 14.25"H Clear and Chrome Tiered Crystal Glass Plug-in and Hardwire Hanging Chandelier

---

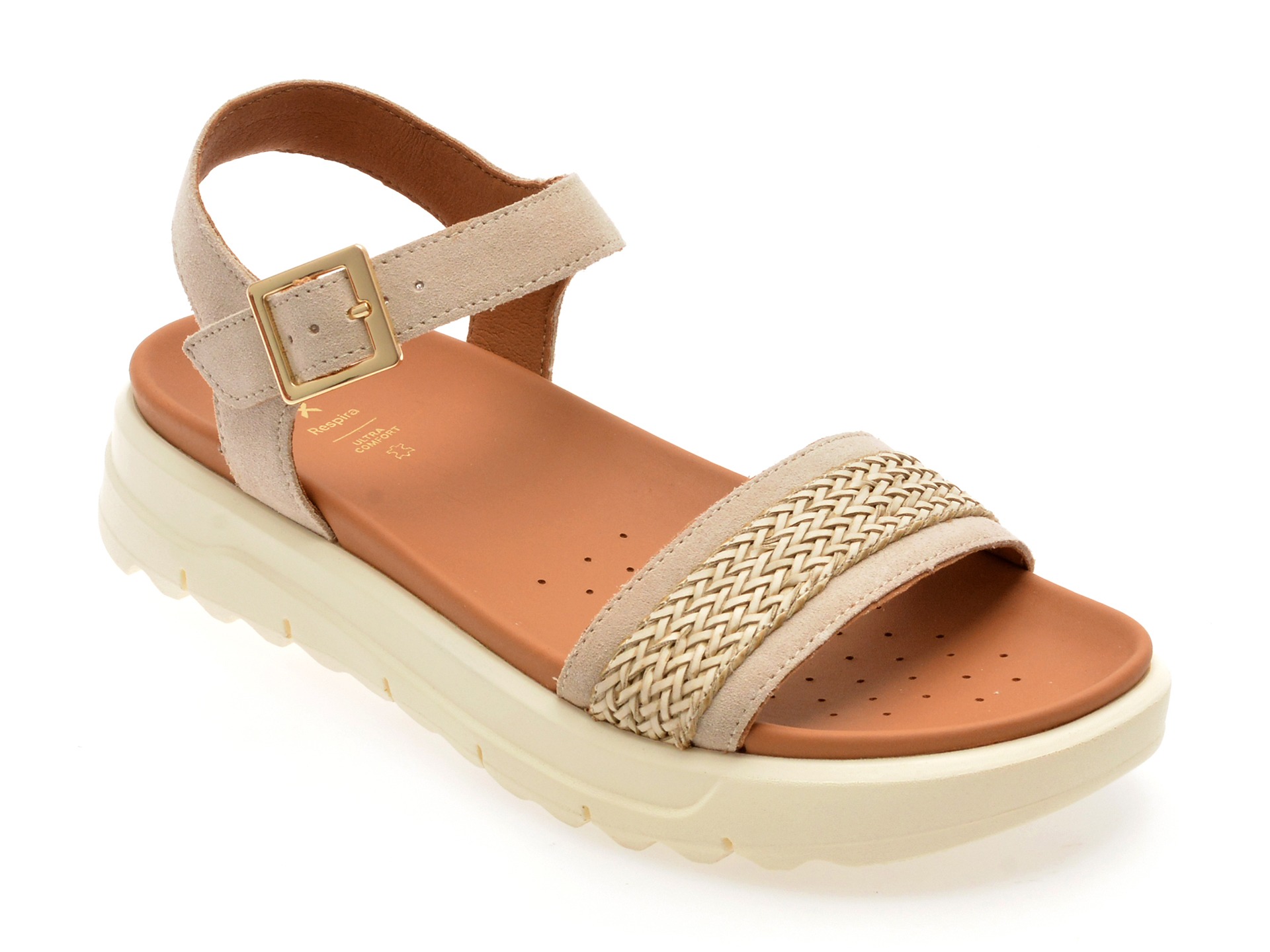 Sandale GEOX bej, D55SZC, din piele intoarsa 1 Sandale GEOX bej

--

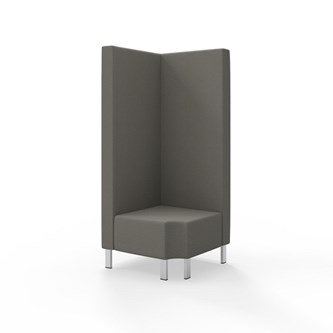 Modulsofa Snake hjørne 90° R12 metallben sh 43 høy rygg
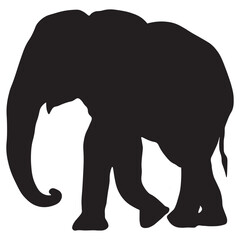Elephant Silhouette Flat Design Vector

## Activity
Which part of the entries opens with the line containing "Modulsofa Snake hjørne" and closes with the line containing "Elephant Silhouette Flat Design Vector"? Output that part exactly, ends included, pictures excluded.

## Response to the exercise
 Modulsofa Snake hjørne 90° R12 metallben sh 43 høy rygg
Elephant Silhouette Flat Design Vector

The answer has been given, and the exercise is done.